▶ [What is expected]: All the lines below should be set down exactly, with no picture carried into the copy.

+++ Material for this exercise +++

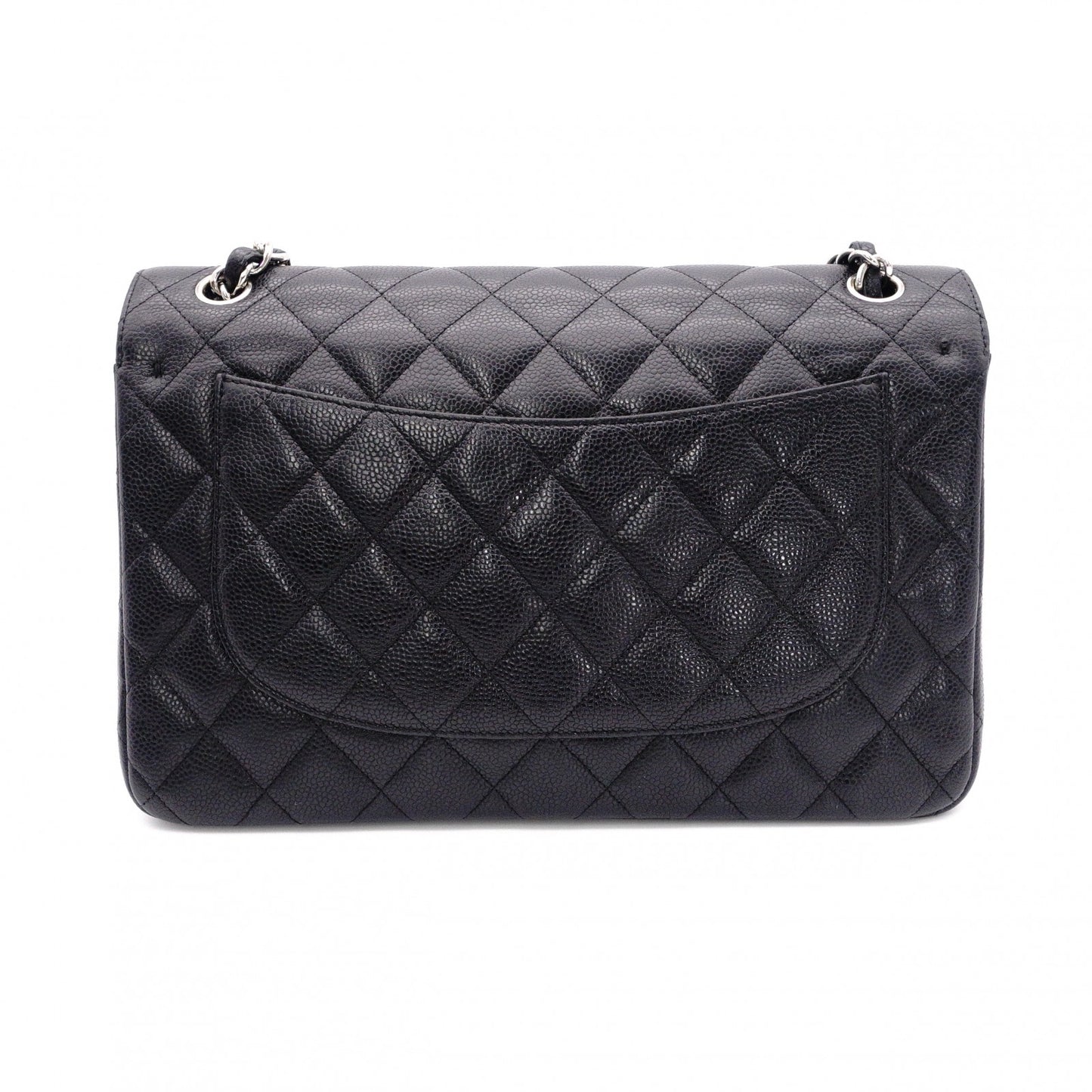 CHANEL Double Flap Big Matelassé Classic Shoulder Bag, Caviar Leather, Black with Silver Hardware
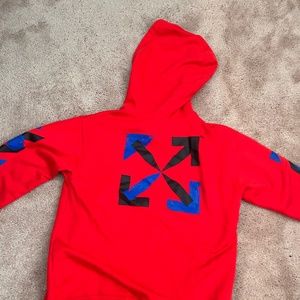 Off-White Red Zip up Hoodie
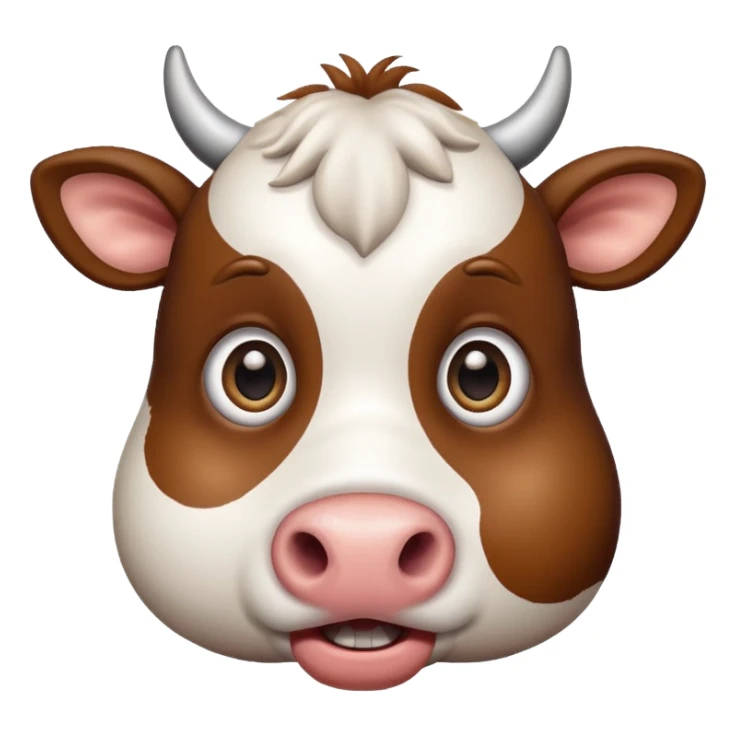 surprised cow, raised eyebrows, shocked expression sticker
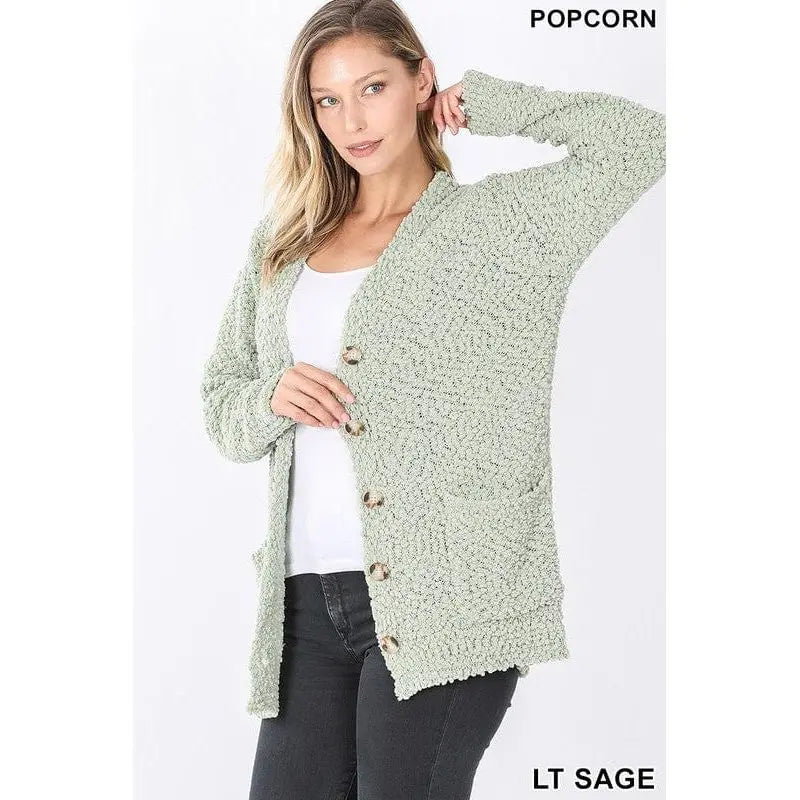 LONG SLEEVE POPCORN BUTTON DOWN CARDIGAN Zenana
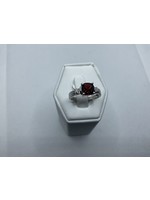 Jordans Garnet with .06 cttw Diamond Ring 10k white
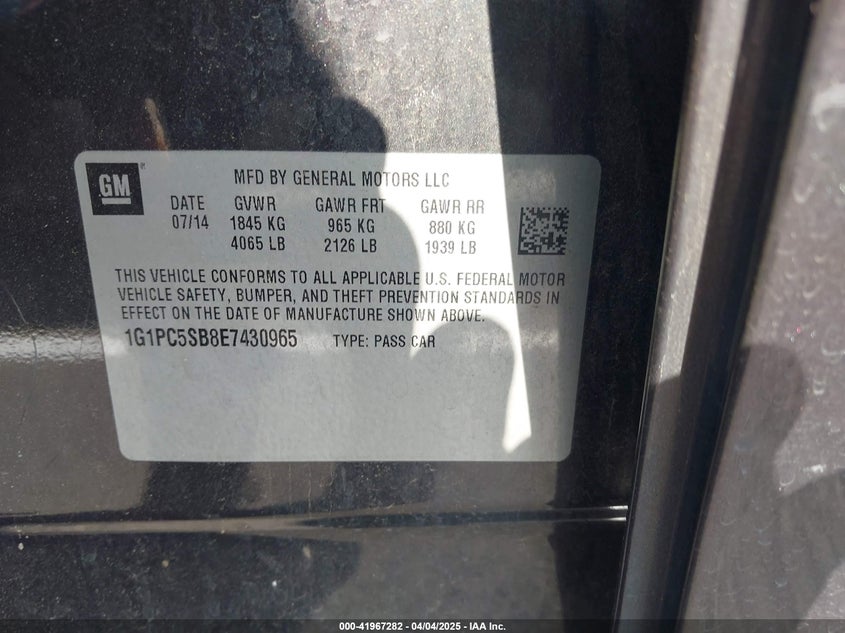 2014 CHEVROLET CRUZE VIN: 1G1PC5SB8E7430965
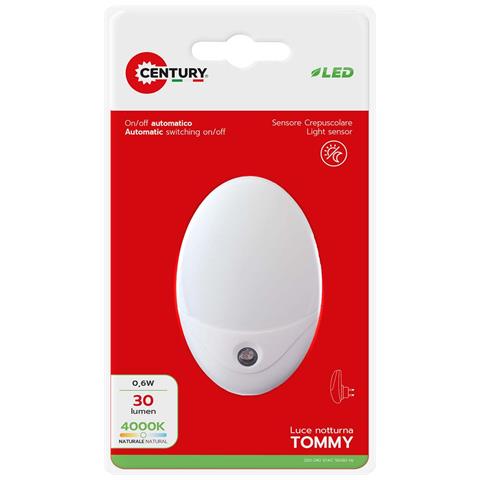 Luce Notturna A Led Ip20 Tommy Con Sensore Crepuscolare, Bianco - Foto 3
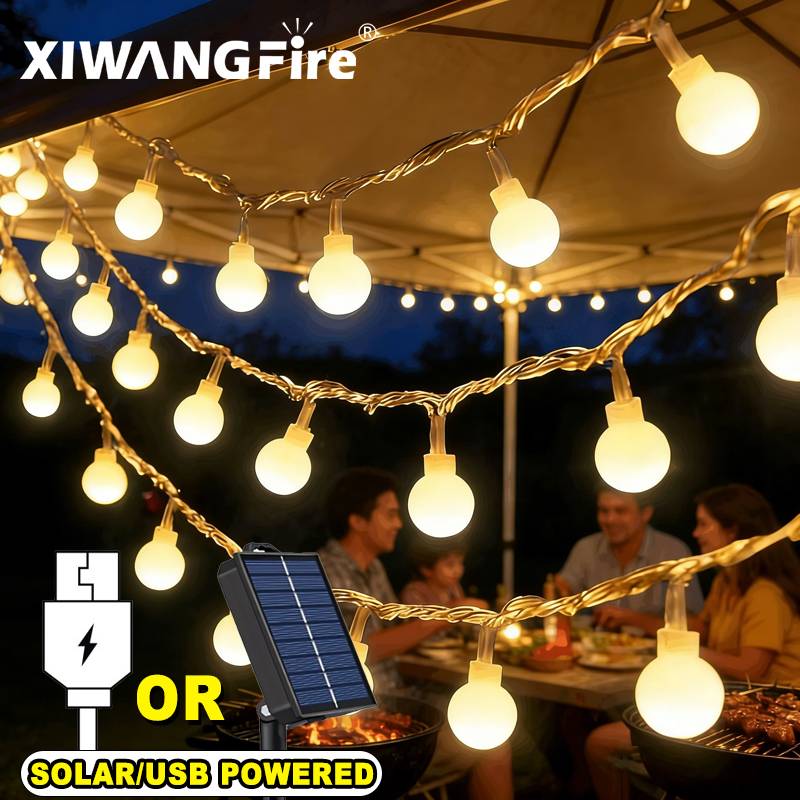 Smart Garden Lamp - 3-10M Solar/USB/Battery String Lights, Fairy Globe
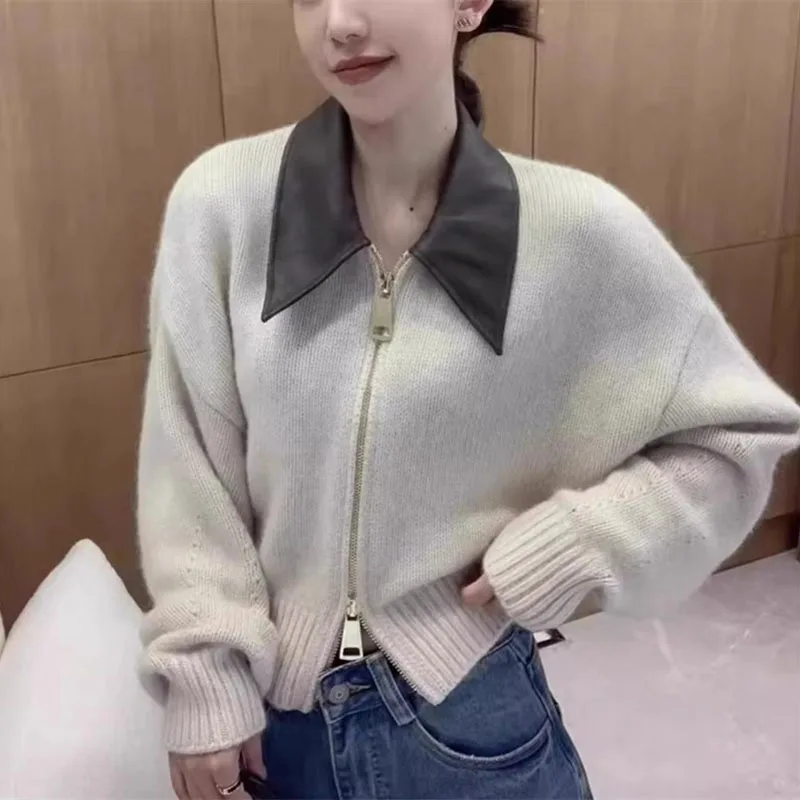 

2025 New Women's Knitted Sweater Cardigan Jacket Leather POLO Collar Double Headed Zipper Jacket CoatSpring Autumn knitwear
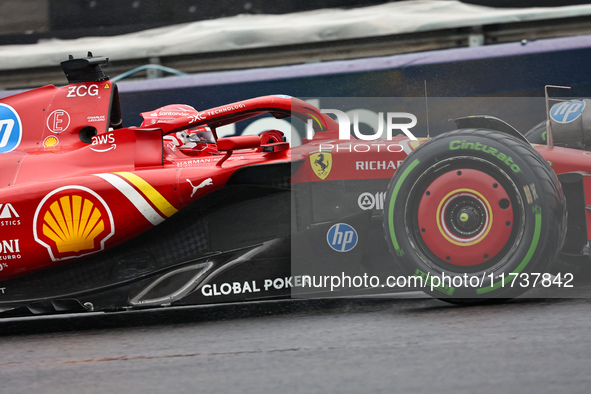 Charles Leclerc of Monaco drives the (16) Scuderia Ferrari SF-24 Ferrari during the Formula 1 Lenovo Grande Premio De Sao Paulo 2024 in Sao...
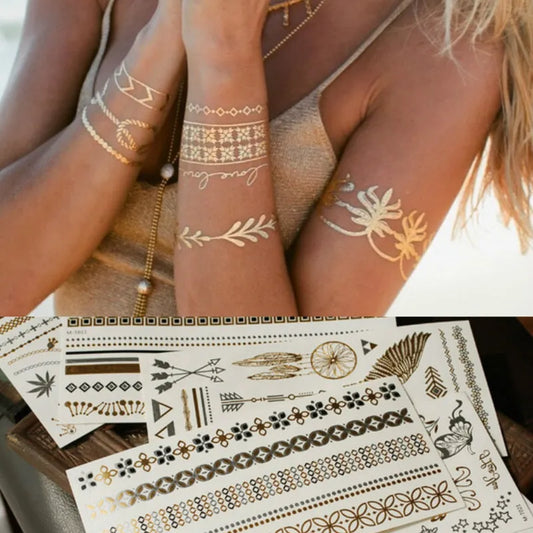 BlackPluss - 1PC Summer Style Men Women Body Art Gold Tattoo Sticker  Chain Bracelet Fake Jewelry Waterproof Temporary Tattoo
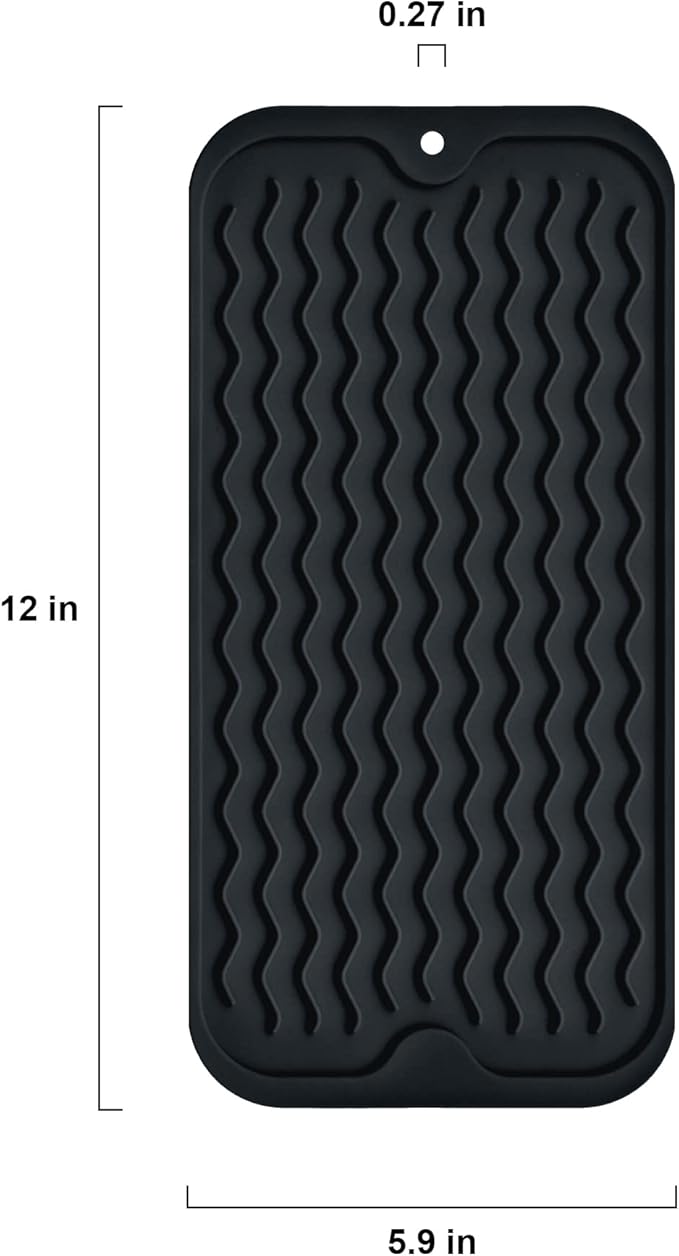 Silicone Dish Drying Mat, Non-Slip Easy Clean Sink Mat Large Heat-resistant Dish Drainer Mat for Kitchen Counter, Sink, Refrigerator or Drawer liner (12" x 6", BLACK)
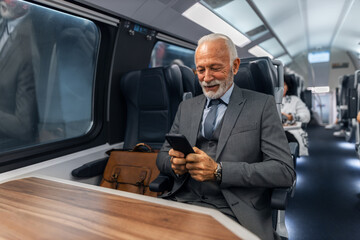 Business Professional Using Smartphone While Traveling on Modern Train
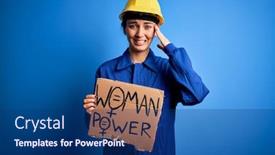  Presentation with women rights - Audience pleasing PPT theme consisting of young-blonde-worker-woman-asking backdrop and a ocean colored foreground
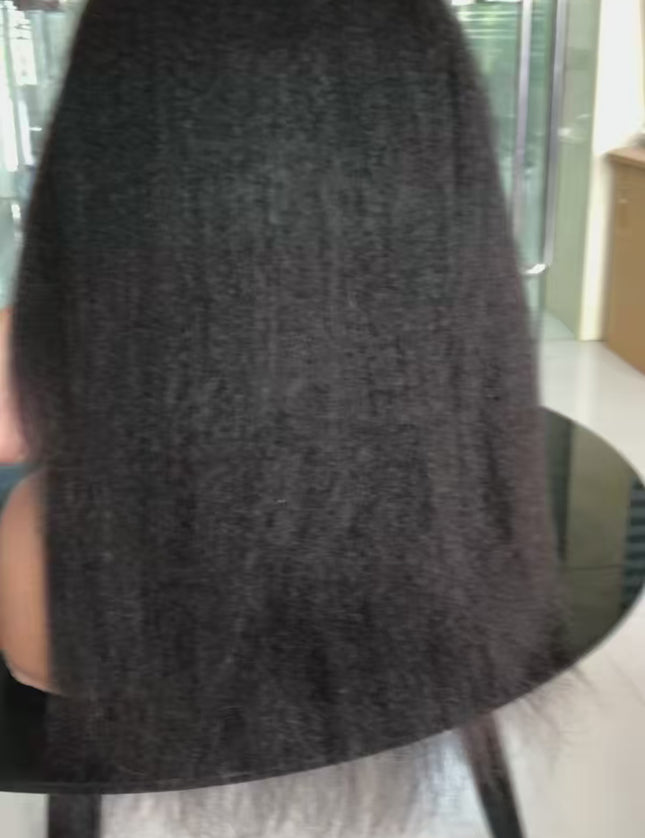 Kinky straight black color Lace Frontal 13x4 Virgin Human Hair LACE Wig 15A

+++

▶ [Written reply]:
 CHANEL Double Flap Big Matelassé Classic Shoulder Bag, Caviar Leather, Black with Silver Hardware
 Off-White Red Zip up Hoodie
 surprised cow, raised eyebrows, shocked expression sticker
 LONG SLEEVE POPCORN BUTTON DOWN CARDIGAN Zenana
 Jordans Garnet with .06 cttw Diamond Ring 10k white
 2014 CHEVROLET CRUZE VIN: 1G1PC5SB8E7430965
 Luce Notturna A Led Ip20 Tommy Con Sensore Crepuscolare, Bianco - Foto 3
 Smart Garden Lamp - 3-10M Solar/USB/Battery String Lights, Fairy Globe

2025 New Women's Knitted Sweater Cardigan Jacket Leather POLO Collar Double Headed Zipper Jacket CoatSpring Autumn knitwear
 Charles Leclerc of Monaco drives the (16) Scuderia Ferrari SF-24 Ferrari during the Formula 1 Lenovo Grande Premio De Sao Paulo 2024 in Sao...
 BlackPluss - 1PC Summer Style Men Women Body Art Gold Tattoo Sticker  Chain Bracelet Fake Jewelry Waterproof Temporary Tattoo
 Silicone Dish Drying Mat, Non-Slip Easy Clean Sink Mat Large Heat-resistant Dish Drainer Mat for Kitchen Counter, Sink, Refrigerator or Drawer liner (12" x 6", BLACK)
 Business Professional Using Smartphone While Traveling on Modern Train
  Presentation with women rights - Audience pleasing PPT theme consisting of young-blonde-worker-woman-asking backdrop and a ocean colored foreground
 Kinky straight black color Lace Frontal 13x4 Virgin Human Hair LACE Wig 15A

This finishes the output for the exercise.